** Opening Records provided block **

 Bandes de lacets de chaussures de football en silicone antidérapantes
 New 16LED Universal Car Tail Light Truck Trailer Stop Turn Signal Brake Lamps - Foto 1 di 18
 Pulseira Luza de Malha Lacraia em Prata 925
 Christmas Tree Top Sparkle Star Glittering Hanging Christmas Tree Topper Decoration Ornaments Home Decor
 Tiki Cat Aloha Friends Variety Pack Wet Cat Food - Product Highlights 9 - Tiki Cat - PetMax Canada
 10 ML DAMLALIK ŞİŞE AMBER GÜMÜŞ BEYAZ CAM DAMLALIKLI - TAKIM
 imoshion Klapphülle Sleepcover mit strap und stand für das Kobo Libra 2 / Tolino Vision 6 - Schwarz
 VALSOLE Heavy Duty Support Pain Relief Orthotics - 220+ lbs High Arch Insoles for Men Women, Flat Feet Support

** Closing Records provided block **

# The task:
Your answer should consist of the lines from the line with "imoshion Klapphülle Sleepcover" through the last line of the data, set down exactly, both included.

# Exercise solution:
 imoshion Klapphülle Sleepcover mit strap und stand für das Kobo Libra 2 / Tolino Vision 6 - Schwarz
 VALSOLE Heavy Duty Support Pain Relief Orthotics - 220+ lbs High Arch Insoles for Men Women, Flat Feet Support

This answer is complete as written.